**About this task:** Transcribe, exactly and without pictures, the lines below from the line with "So when you" to the line with "Redaval combines the", both ends included, and no others.

**Provided material:**
★ ★ ★ ★ ★ ★ ★
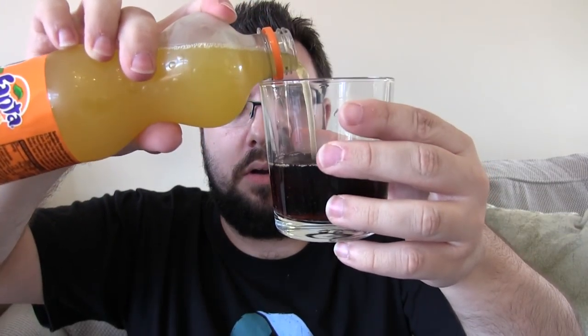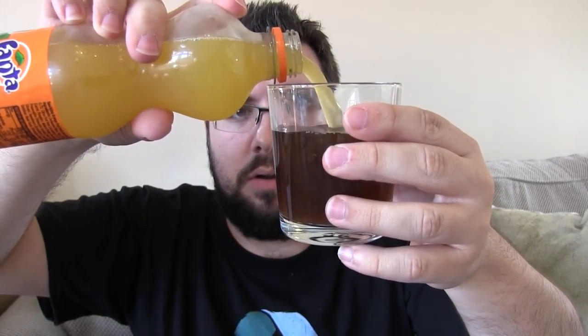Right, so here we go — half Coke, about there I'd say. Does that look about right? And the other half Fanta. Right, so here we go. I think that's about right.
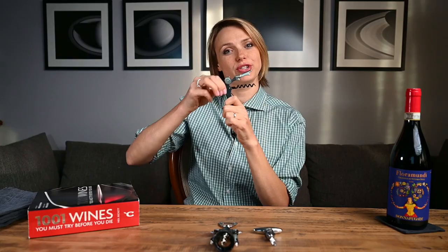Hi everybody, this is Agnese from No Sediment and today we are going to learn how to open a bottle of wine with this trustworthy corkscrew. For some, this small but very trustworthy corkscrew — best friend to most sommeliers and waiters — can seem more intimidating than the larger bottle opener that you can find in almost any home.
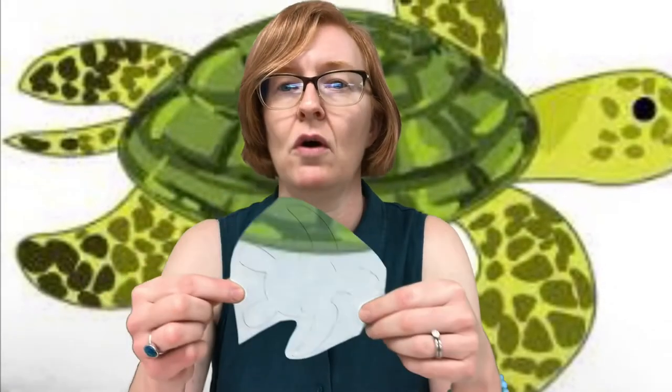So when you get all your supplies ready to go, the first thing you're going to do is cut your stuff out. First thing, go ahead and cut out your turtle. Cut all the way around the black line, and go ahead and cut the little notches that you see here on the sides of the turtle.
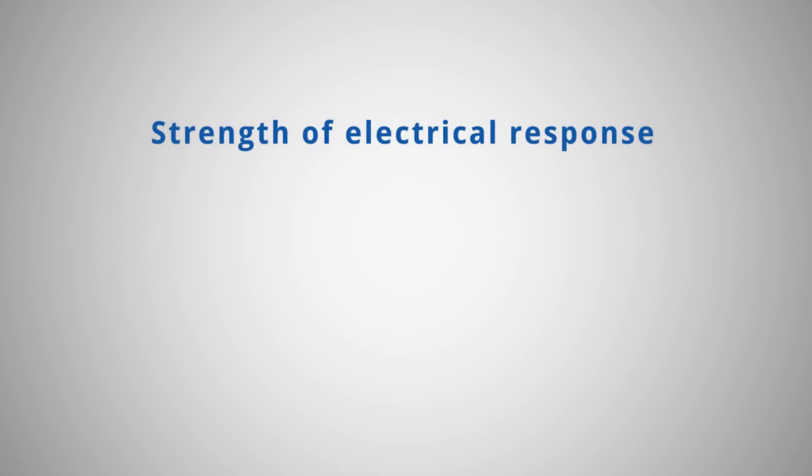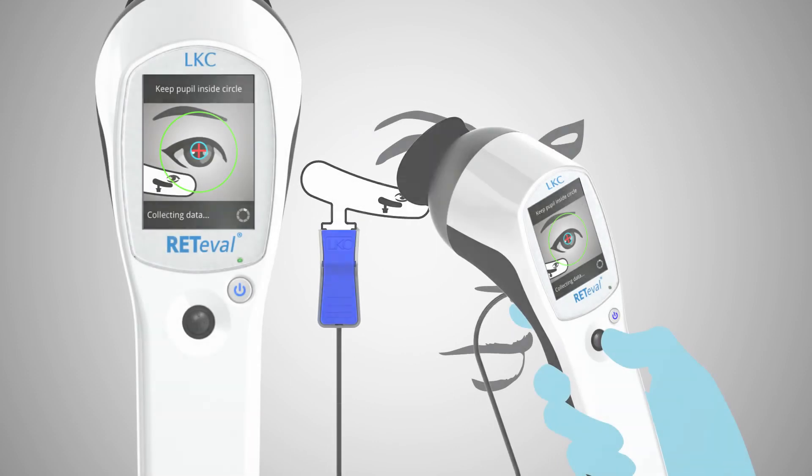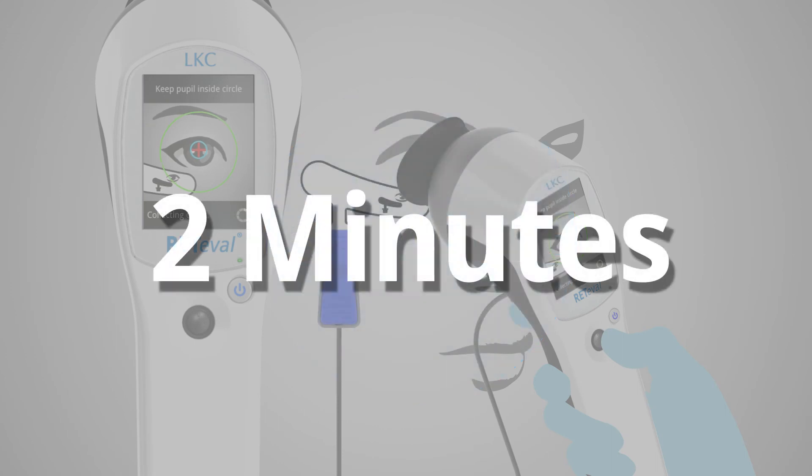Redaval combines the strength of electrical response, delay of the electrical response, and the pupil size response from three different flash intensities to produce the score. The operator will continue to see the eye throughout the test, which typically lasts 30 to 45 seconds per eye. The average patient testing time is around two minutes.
★ ★ ★ ★ ★ ★ ★
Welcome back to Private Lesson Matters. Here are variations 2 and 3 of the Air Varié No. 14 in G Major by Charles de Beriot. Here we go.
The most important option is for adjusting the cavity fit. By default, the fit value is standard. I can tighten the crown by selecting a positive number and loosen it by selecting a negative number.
★ ★ ★ ★ ★ ★ ★
**Solution:**
So when you get all your supplies ready to go, the first thing you're going to do is cut your stuff out. First thing, go ahead and cut out your turtle. Cut all the way around the black line, and go ahead and cut the little notches that you see here on the sides of the turtle.
Redaval combines the strength of electrical response, delay of the electrical response, and the pupil size response from three different flash intensities to produce the score. The operator will continue to see the eye throughout the test, which typically lasts 30 to 45 seconds per eye. The average patient testing time is around two minutes.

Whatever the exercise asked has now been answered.